Welcome to Intel® Extension for PyTorch* Documentation!

Intel® Extension for PyTorch* extends PyTorch* with the latest performance optimizations for Intel hardware. Optimizations take advantage of Intel® Advanced Vector Extensions 512 (Intel® AVX-512) Vector Neural Network Instructions (VNNI) and Intel® Advanced Matrix Extensions (Intel® AMX) on Intel CPUs as well as Intel XeMatrix Extensions (XMX) AI engines on Intel discrete GPUs. Moreover, Intel® Extension for PyTorch* provides easy GPU acceleration for Intel discrete GPUs through the PyTorch* xpu device.

The extension can be loaded as a Python module for Python programs or linked as a C++ library for C++ programs. In Python scripts, users can enable it dynamically by importing intel_extension_for_pytorch.


  • GPU features are not included in CPU-only packages.

  • Optimizations for CPU-only may have a newer code base due to different development schedules.

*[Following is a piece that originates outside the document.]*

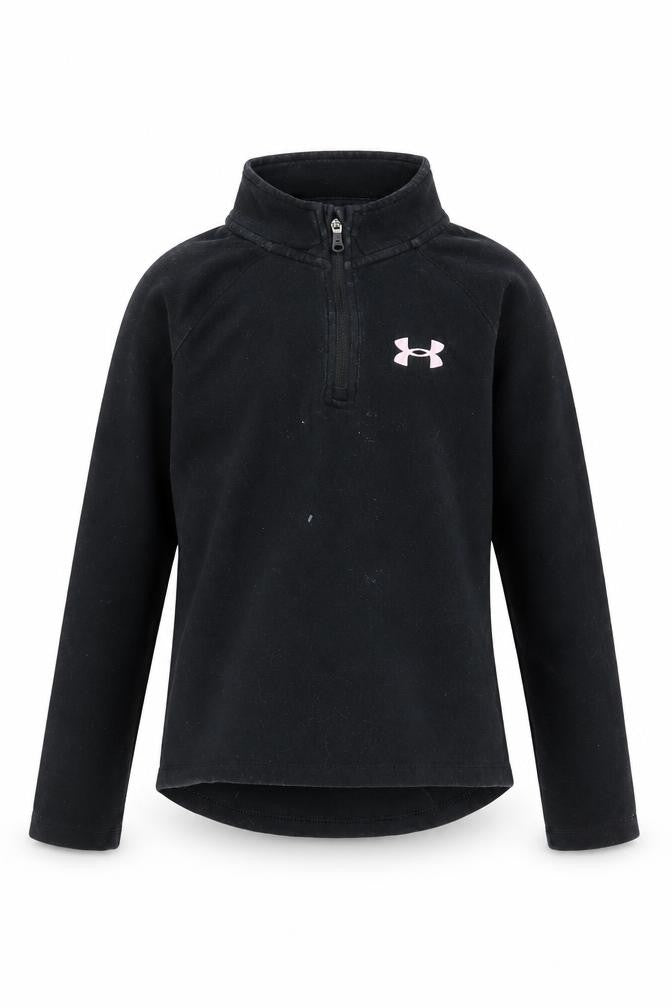 Front view of Under Armour girls’ black long sleeve pullover 6-7 years
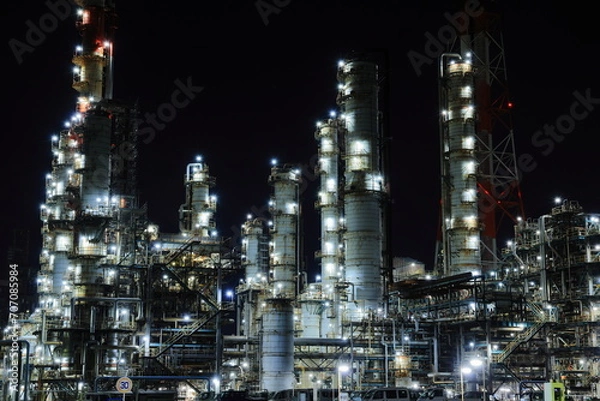 Obraz 工場夜景・鹿島臨海工業地帯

In the current technological landscape, Generative AI (GenAI) workloads and models have gained widespread attention and popularity. Large Language Models (LLMs) have emerged as the dominant models driving these GenAI applications. Starting from 2.1.0, specific optimizations for certain LLM models are introduced in the Intel® Extension for PyTorch*.

Intel® Extension for PyTorch* has been released as an open–source project at Github. You can find the source code and instructions on how to get started at:


Intel® Extension for PyTorch* is structured as shown in the following figure:

Architecture of Intel® Extension for PyTorch*
  • Eager Mode: In the eager mode, the PyTorch frontend is extended with custom Python modules (such as fusion modules), optimal optimizers, and INT8 quantization APIs. Further performance improvement is achieved by converting eager-mode models into graph mode using extended graph fusion passes.

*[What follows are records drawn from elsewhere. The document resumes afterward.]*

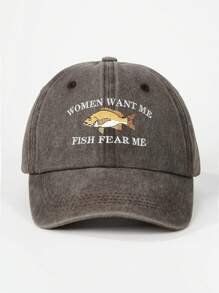 1 chiếc Mũ lưỡi trai bóng chày thêu "Fish Fear Me" dành cho nữ, có thể điều chỉnh, chống nắng, thường ngày, thích hợp cho hoạt động ngoài trời, du lịch mùa xuân-thu và kỳ nghỉ bãi biển, phong cách Y2K dành cho cả nam và nữ - mũ bóng chày - Xem 20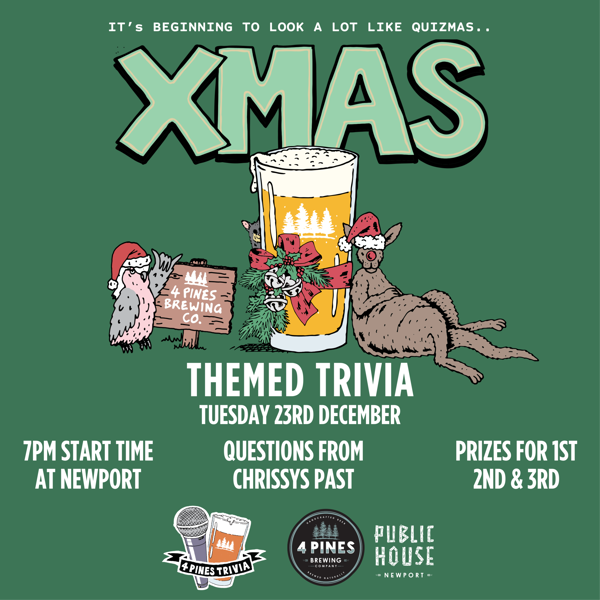 Christmas Themed Trivia at 4 Pines Public House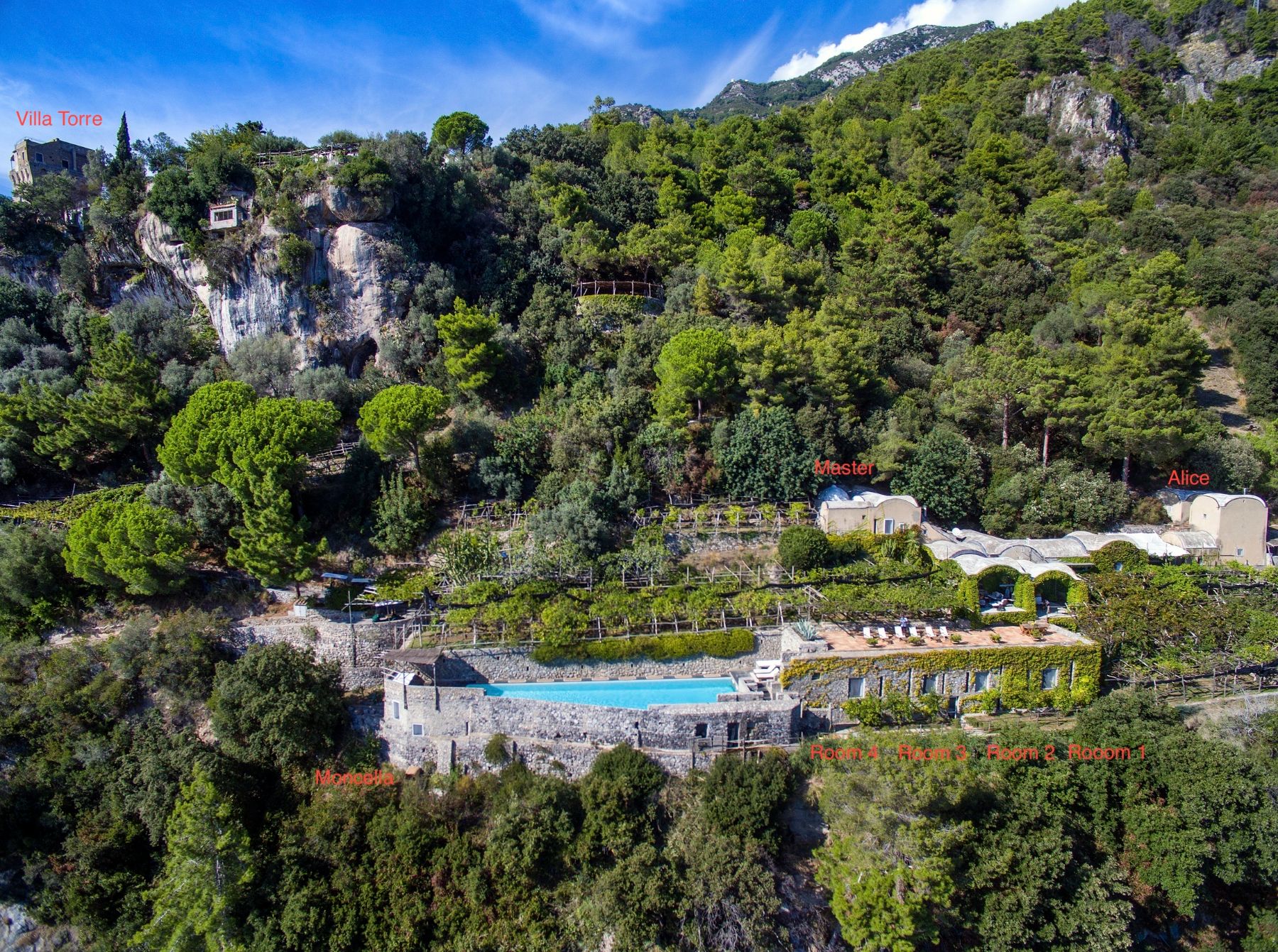 Aerial shot of Il Marinaio in Amalfi Coast, Italy
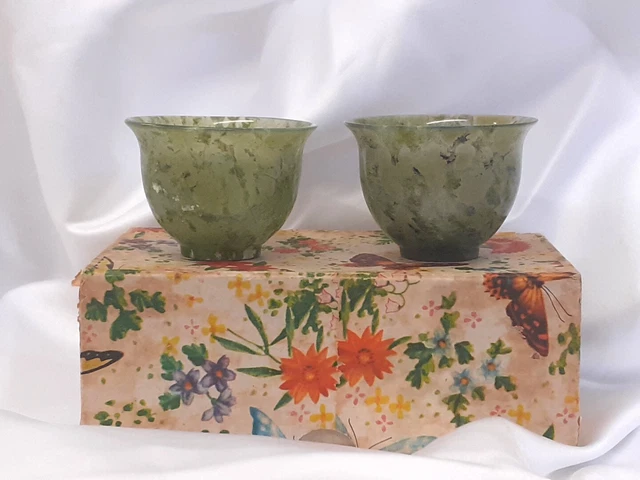 Pair of Small Chinese Green Spinach Jade Bowls (Faux Jade) Boxed, Vintage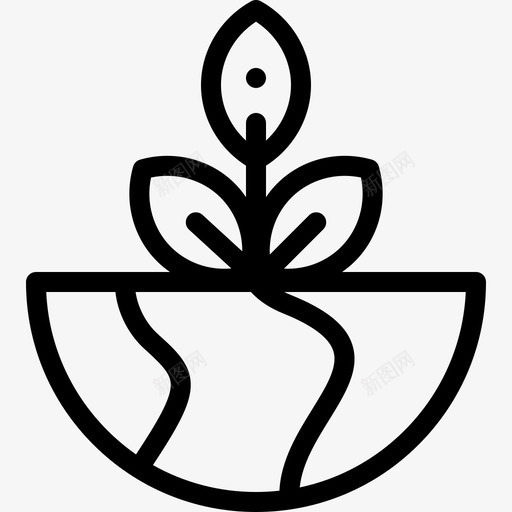 绿色星球地球母亲日18直线svg_新图网 https://ixintu.com 绿色 星球 地球 母亲 亲日 直线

  • Graph Mode: In the graph mode, fusions reduce operator/kernel invocation overhead, resulting in improved performance. Compared to the eager mode, the graph mode in PyTorch* normally yields better performance from the optimization techniques like operation fusion. Intel® Entension for PyTorch* amplifies them with more comprehensive graph optimizations. Both PyTorch Torchscript and TorchDynamo graph modes are supported. With Torchscript, we recommend using torch.jit.trace() as your preferred option, as it generally supports a wider range of workloads compared to torch.jit.script(). With TorchDynamo, ipex backend is available to provide good performances.

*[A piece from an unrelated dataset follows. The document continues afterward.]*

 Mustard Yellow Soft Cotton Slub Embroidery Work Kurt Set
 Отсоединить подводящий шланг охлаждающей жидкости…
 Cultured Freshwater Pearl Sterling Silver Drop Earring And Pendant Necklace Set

  • CPU Optimization: On CPU, Intel® Extension for PyTorch* automatically dispatches operators to underlying kernels based on detected ISA. The extension leverages vectorization and matrix acceleration units available on Intel hardware. The runtime extension offers finer-grained thread runtime control and weight sharing for increased efficiency.

  • GPU Optimization: On GPU, optimized operators and kernels are implemented and registered through PyTorch dispatching mechanism. These operators and kernels are accelerated from native vectorization feature and matrix calculation feature of Intel GPU hardware. Intel® Extension for PyTorch* for GPU utilizes the DPC++ compiler that supports the latest SYCL* standard and also a number of extensions to the SYCL* standard, which can be found in the sycl/doc/extensions directory.


The team tracks bugs and enhancement requests using GitHub issues. Before submitting a suggestion or bug report, search the existing GitHub issues to see if your issue has already been reported.